• [ENTRIES PROVIDED]
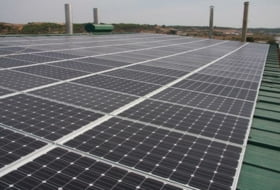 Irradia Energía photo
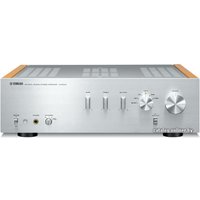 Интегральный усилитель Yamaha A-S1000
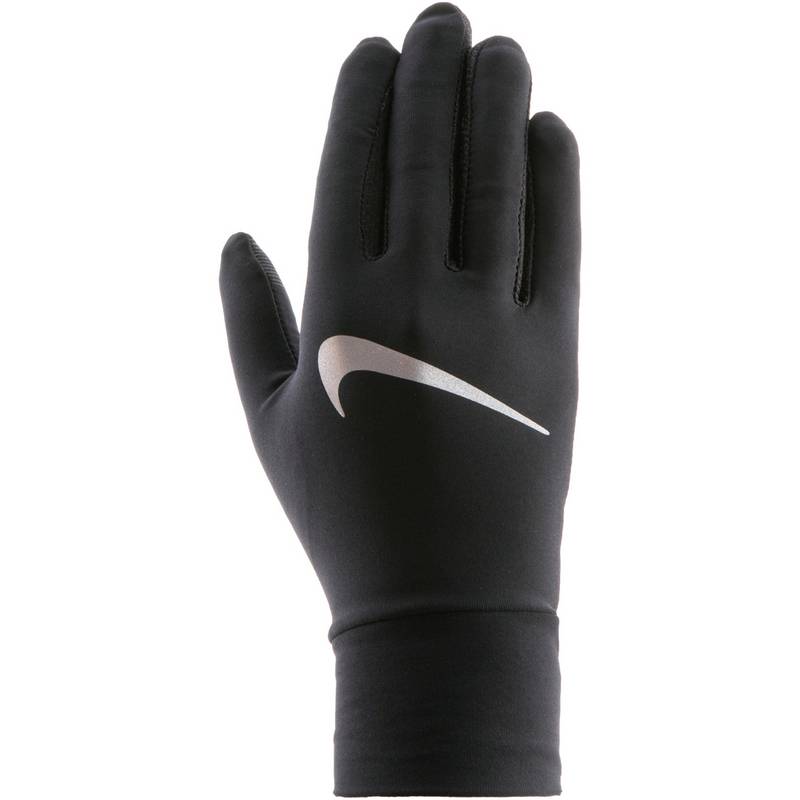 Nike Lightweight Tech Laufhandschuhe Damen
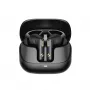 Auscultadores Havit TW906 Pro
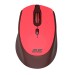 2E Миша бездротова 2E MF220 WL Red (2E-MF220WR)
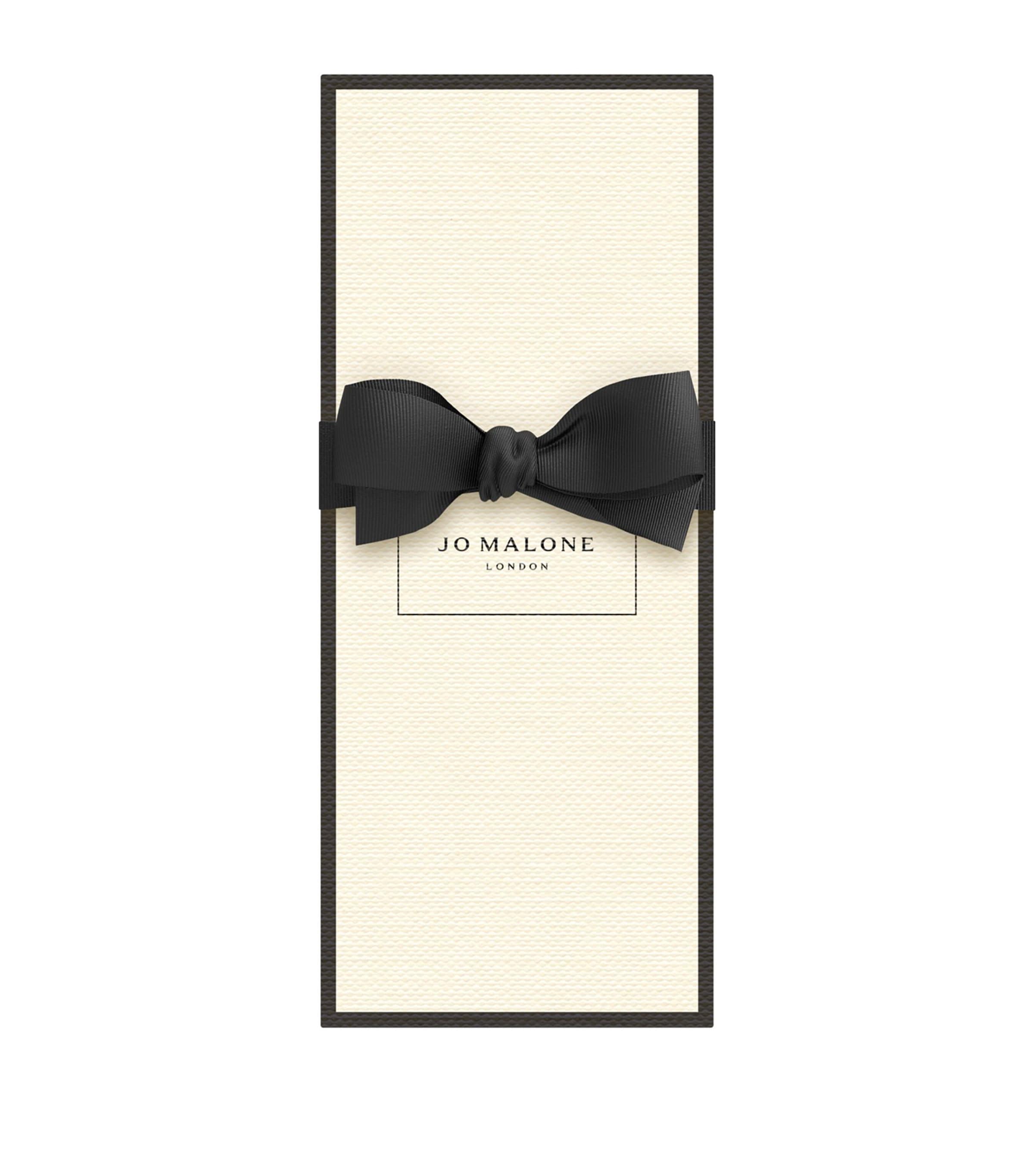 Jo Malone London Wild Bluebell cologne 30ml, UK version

* * *

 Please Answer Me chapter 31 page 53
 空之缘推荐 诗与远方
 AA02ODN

• [WORK REQUIRED]
Leave out the images and write out the lines above exactly, from the one with "Irradia Energía photo" up to and including the one with "Jo Malone London".

• [PROBLEM SOLUTION]
 Irradia Energía photo
 Интегральный усилитель Yamaha A-S1000
 Nike Lightweight Tech Laufhandschuhe Damen
 Auscultadores Havit TW906 Pro
 2E Миша бездротова 2E MF220 WL Red (2E-MF220WR)
 Jo Malone London Wild Bluebell cologne 30ml, UK version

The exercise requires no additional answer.